Rock art, Ballykean, Co. Wicklow
Co. Wicklow |
Settlement Sites
On a south-facing slope in County Wicklow, a large stone sits embedded in a field boundary, quite possibly carrying eleven prehistoric cup marks on surfaces that nobody has been able to examine properly in decades.
Cup marks are among the most common yet least understood features of prehistoric rock art: shallow, roughly circular depressions pecked into stone, found across Ireland and Britain, and thought to date broadly to the Neolithic or Bronze Age. Their purpose remains genuinely uncertain.
The stone was first recorded by G.H. Kinahan in 1884, who described it in some detail. He placed it in a field locally known as "fort field", on a south-facing slope in what is now improved pasture, and measured it at roughly five feet by five-and-a-third feet across, standing three-and-a-third feet high. He counted eleven cup marks on its surface. When the site was revisited in 1990, the field had been cleared of loose stone, and a stone of approximately the right dimensions was found repositioned in the north-east field boundary. The cup-marked surfaces, however, were no longer visible, buried or turned inward by whatever agricultural work had moved it.
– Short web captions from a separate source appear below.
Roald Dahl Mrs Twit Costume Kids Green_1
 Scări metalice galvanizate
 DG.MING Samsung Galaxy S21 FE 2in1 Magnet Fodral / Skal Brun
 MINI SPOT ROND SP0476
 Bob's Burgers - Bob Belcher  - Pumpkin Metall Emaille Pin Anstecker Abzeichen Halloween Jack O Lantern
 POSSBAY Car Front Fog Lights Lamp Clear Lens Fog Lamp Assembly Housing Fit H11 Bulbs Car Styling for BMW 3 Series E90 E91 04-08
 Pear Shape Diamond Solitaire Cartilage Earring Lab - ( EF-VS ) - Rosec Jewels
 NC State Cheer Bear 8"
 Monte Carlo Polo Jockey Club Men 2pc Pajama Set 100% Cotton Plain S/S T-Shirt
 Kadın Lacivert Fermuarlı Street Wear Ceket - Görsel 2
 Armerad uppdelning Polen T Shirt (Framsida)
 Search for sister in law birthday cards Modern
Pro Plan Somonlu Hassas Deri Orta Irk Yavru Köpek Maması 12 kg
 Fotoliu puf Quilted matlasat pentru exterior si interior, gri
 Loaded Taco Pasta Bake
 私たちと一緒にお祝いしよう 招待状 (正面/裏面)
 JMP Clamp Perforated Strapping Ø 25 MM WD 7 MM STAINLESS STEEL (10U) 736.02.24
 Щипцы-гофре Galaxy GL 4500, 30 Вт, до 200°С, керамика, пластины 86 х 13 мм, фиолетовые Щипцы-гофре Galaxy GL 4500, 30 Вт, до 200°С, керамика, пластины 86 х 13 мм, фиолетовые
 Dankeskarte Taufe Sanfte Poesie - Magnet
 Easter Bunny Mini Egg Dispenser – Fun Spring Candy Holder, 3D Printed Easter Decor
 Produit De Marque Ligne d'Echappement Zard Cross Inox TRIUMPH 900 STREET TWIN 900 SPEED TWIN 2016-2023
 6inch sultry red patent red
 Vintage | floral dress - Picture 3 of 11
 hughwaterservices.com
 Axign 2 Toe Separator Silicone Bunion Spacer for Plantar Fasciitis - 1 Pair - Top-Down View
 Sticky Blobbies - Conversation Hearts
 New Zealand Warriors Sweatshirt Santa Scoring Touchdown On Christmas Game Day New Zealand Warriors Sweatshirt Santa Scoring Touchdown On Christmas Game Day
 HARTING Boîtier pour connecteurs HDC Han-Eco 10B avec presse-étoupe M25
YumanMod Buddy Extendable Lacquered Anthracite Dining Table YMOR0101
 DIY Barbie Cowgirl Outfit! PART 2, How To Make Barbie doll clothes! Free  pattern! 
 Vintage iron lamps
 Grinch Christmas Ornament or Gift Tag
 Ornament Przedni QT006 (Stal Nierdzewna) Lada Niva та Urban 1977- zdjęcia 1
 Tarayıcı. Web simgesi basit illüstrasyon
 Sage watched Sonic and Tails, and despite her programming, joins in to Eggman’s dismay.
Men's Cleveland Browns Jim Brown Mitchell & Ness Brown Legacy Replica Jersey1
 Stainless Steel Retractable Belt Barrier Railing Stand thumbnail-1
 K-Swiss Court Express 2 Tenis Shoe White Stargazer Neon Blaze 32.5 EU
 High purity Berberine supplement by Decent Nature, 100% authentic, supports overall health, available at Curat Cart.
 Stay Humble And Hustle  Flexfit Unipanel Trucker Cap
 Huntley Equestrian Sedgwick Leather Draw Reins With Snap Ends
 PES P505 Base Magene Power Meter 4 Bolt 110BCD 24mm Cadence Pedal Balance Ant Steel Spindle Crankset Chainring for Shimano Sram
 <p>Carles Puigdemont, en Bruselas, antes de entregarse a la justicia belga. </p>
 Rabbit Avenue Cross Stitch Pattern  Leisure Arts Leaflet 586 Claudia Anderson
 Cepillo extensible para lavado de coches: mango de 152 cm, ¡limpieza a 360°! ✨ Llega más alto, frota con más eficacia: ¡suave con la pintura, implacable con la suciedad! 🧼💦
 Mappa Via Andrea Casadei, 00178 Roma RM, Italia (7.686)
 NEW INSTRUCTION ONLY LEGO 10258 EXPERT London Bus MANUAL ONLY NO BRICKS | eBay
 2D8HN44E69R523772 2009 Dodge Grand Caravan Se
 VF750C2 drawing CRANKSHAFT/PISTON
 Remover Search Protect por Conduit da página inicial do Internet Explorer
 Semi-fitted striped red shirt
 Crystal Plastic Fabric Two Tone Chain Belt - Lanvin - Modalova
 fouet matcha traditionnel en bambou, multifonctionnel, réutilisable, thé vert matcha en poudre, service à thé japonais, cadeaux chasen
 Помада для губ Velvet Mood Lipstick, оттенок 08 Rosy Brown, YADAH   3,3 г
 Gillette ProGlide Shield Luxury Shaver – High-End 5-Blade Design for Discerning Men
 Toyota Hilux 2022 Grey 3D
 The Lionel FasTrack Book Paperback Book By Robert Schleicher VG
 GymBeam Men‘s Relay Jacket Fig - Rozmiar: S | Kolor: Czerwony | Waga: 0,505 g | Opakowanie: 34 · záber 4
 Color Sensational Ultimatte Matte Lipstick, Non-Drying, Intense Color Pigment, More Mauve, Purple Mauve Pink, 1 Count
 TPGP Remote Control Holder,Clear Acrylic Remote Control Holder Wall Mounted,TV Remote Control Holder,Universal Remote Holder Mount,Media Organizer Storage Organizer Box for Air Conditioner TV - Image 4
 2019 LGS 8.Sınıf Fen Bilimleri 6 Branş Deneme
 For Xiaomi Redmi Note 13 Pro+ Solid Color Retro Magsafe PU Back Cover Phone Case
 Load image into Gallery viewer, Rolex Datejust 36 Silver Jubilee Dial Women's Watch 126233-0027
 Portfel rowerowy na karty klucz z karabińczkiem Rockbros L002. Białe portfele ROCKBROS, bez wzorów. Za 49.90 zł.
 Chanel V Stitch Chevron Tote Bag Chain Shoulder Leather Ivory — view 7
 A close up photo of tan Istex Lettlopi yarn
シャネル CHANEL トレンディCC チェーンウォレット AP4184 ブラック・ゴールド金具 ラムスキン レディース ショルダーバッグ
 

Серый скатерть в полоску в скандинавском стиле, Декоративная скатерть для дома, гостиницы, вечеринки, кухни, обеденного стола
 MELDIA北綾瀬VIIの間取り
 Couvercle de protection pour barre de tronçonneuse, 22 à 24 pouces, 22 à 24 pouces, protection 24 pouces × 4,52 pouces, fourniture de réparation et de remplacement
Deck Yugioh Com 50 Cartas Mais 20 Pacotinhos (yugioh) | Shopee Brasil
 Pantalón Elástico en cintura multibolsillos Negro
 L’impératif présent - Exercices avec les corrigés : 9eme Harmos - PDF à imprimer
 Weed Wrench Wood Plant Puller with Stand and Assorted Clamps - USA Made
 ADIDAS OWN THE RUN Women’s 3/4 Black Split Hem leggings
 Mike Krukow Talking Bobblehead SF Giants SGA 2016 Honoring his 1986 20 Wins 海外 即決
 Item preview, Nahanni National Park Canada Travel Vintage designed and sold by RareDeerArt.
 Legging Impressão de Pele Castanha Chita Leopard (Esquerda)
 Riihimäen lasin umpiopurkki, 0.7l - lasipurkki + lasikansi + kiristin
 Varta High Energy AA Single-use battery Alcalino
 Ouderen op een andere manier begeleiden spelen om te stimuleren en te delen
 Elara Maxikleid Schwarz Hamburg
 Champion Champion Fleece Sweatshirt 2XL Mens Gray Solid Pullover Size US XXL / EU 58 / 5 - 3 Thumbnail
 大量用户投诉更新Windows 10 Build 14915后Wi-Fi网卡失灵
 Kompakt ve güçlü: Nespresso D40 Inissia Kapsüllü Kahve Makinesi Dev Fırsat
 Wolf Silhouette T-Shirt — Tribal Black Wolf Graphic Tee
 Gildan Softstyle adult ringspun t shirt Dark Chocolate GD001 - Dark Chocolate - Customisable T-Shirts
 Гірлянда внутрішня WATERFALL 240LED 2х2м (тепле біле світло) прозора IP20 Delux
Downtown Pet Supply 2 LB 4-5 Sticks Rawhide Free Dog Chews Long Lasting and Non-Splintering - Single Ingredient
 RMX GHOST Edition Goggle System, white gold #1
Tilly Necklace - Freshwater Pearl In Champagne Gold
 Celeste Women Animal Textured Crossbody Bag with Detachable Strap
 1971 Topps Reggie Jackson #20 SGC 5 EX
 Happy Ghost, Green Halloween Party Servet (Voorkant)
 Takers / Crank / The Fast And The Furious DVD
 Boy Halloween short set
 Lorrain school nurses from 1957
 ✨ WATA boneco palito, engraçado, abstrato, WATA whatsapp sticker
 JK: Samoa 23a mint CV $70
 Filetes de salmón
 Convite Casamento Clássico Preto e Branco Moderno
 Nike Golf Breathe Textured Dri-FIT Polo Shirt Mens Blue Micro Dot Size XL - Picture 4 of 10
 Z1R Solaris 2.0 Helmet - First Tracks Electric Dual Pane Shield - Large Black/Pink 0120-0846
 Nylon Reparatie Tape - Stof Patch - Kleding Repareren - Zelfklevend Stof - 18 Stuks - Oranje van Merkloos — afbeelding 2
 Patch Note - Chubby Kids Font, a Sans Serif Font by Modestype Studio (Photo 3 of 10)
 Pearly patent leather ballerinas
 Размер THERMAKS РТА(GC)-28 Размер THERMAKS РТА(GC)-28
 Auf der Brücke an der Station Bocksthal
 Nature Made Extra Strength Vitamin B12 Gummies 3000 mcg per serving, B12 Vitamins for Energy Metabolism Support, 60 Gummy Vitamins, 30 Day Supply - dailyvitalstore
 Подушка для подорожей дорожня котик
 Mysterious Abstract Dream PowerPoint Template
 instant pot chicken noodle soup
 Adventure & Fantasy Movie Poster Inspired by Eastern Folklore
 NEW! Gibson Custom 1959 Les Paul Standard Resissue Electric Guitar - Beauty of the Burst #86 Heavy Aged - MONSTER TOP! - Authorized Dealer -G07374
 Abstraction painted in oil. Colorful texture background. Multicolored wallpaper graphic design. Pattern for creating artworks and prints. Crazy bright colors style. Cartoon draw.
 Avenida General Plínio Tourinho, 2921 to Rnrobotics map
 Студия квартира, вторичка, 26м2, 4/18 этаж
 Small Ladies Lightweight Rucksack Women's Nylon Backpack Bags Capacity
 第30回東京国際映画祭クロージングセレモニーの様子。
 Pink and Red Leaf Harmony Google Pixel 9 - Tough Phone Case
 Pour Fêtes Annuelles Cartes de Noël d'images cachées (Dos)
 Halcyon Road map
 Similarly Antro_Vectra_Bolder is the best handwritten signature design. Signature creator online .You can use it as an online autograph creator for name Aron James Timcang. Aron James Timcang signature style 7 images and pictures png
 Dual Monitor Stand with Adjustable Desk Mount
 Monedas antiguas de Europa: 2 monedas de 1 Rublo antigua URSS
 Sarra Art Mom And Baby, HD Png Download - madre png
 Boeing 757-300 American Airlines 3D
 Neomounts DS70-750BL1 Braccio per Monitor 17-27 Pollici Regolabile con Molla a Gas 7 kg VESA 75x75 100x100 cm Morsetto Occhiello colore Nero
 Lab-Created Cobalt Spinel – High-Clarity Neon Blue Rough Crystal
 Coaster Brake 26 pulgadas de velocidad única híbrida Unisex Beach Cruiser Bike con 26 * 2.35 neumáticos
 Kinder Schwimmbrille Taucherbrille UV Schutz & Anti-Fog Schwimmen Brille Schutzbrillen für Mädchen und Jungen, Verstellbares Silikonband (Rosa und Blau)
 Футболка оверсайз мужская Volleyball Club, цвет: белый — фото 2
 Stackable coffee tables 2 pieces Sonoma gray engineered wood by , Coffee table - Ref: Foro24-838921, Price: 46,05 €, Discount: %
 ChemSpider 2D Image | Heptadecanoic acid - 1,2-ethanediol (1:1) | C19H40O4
What lingers about this record is the particular quality of the loss. The stone almost certainly still exists, Kinahan's measurements are precise enough to be convincing, and the local name "fort field" hints at a landscape that was once understood to hold something of significance. Whether the cup marks face downward into the earth or are simply obscured by soil and vegetation, they have not been seen since the Victorian era.